A 72.9 kg man is standing on a frictionless ice surface when he throws a 1.6 kg book at 11 m/s.

To answer this question, we can use the principle of conservation of momentum. The initial momentum of the man before throwing the book should be equal to the combined momentum of the man and the book after the throw.

The momentum of an object is calculated by multiplying its mass by its velocity.

The initial momentum of the man can be calculated as:

Initial momentum of the man = mass of the man × velocity of the man

Given:
Mass of the man (m1) = 72.9 kg
Velocity of the man (v1) = 0 m/s (since he is standing still)

So, initial momentum of the man (p1) = m1 × v1 = 72.9 kg × 0 m/s = 0 kg·m/s

Now, let's calculate the momentum of the book after the throw.
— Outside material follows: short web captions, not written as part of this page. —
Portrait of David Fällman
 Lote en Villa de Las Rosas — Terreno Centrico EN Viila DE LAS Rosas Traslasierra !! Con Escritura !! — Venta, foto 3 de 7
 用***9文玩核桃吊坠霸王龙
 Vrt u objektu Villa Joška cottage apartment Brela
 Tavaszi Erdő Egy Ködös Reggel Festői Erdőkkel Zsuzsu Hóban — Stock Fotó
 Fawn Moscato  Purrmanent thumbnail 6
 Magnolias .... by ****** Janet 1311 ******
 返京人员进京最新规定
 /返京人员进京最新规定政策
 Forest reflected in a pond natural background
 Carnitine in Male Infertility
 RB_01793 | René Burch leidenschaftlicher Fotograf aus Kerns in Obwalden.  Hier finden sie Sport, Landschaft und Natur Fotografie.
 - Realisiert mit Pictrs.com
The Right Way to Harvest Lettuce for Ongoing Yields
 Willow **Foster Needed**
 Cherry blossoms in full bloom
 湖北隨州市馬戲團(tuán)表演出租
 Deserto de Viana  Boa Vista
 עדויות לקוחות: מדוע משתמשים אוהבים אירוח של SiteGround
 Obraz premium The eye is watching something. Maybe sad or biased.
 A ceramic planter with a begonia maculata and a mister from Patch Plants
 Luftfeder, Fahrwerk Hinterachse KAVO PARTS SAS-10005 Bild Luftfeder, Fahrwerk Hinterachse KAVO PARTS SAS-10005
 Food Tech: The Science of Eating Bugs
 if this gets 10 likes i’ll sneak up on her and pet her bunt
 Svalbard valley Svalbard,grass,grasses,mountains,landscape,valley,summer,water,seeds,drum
Since the man throws the book, the momentum of the book will be equal to the momentum of the combined system of the man and the book.

The momentum of the book is given by:

Momentum of the book = mass of the book × velocity of the book

Given:
Mass of the book (m2) = 1.6 kg
Velocity of the book (v2) = 11 m/s

So, momentum of the book (p2) = m2 × v2 = 1.6 kg × 11 m/s

To find the final momentum of the combined system:
Final momentum of the combined system (pf) = initial momentum of the man (p1) + momentum of the book (p2)

pf = p1 + p2

Therefore, final momentum of the combined system (pf) = 0 kg·m/s + (1.6 kg × 11 m/s)

Now, you can calculate the final momentum of the combined system.

Thanks. Did you have a question? I suspect it has to do with conservation of momentum. I will be happy to critique your work. Why would he have a book on an ice surface? Surely not reading it.